10. LUXEMBURG’S CRITIQUE OF MARX’S REPRODUCTION SCHEMAS
In the history of Marxist thought and the international labour movement, the most important controversy to have arisen in connection with Volume 2 was sparked off by Luxemburg’s critique of Marx’s reproduction schemas in her The Accumulation of Capital. Involved in the debate have been truly formidable questions: Marx’s theory of crisis; the historical limits of the capitalist mode of production (the so-called ‘breakdown theory’ or Zusammenbruchstheorie); and the origins and functions of imperialism, colonialism, militarism and wars in the imperialist epoch.76 We shall confine ourselves, in this introduction, to that part of Luxemburg’s contribution which is directly related to the subject-matter of Capital Volume 2 – the circulation, turnover and reproduction of the total social capital.
Luxemburg’s critique is essentially centred on a single theme: how can that part of the value of commodities which corresponds to the accumulated portion of surplus-value be realized?
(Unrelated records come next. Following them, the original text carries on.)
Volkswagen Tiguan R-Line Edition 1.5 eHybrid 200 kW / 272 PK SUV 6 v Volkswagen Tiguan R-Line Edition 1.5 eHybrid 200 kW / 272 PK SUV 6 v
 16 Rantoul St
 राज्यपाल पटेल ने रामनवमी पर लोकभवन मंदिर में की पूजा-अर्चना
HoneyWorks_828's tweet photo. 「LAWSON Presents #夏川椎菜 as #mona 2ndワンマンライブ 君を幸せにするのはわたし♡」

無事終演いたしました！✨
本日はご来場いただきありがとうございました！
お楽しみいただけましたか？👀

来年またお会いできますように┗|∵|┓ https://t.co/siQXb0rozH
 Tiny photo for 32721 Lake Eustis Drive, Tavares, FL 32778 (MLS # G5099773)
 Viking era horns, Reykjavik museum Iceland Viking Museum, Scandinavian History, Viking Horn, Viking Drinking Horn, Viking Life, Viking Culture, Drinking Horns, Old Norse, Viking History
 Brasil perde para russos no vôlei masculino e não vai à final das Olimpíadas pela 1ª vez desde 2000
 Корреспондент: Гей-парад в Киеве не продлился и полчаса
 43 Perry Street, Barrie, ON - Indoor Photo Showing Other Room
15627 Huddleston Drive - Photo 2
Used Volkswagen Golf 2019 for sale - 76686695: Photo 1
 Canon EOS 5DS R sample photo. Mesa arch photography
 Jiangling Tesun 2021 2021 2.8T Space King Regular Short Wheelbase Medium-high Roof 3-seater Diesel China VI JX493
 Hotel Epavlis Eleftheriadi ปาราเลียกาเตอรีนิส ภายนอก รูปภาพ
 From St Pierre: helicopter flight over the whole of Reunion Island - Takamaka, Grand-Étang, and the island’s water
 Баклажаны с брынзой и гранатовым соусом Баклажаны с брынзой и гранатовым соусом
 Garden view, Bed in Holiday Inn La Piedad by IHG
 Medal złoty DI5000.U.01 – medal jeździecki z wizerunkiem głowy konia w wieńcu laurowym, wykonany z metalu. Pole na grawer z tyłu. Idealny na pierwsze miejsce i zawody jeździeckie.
What purchasing power is available for its realization? Why do capitalists expand production, if not because they are assured of, or expect to have, additional customers? Who are these new customers? She first rejects the idea that they could be workers, since the purchasing power of the latter originates with capital, and expansion of production merely to satisfy the new needs of an enlarged work-force would be inconceivable for the capitalist class in its totality. (Of course, this is not true of capitalists taken individually, for whom all workers except their own are potential customers; but, as Luxemburg flatly states, for the capitalist class as a whole, all workers are ‘their own workers’, and it makes no sense to treat them as a source of increased sales.77) She also dismisses the notion that these additional customers could be other capitalists. For how could the capitalist class in its totality enrich itself if the money to buy the surplus product came out of its own pocket?78 Nor could they be so-called third persons, who are essentially the cronies, hangers-on and servants of the capitalist class (or of landowners appropriating ground-rent). For, in the last analysis, the revenue of all these social layers is derived from surplus-value. If surplus-value were the only source of purchasing power available for buying up the increased mass and value of commodities, it would mean that capitalists become richer by spending their own money.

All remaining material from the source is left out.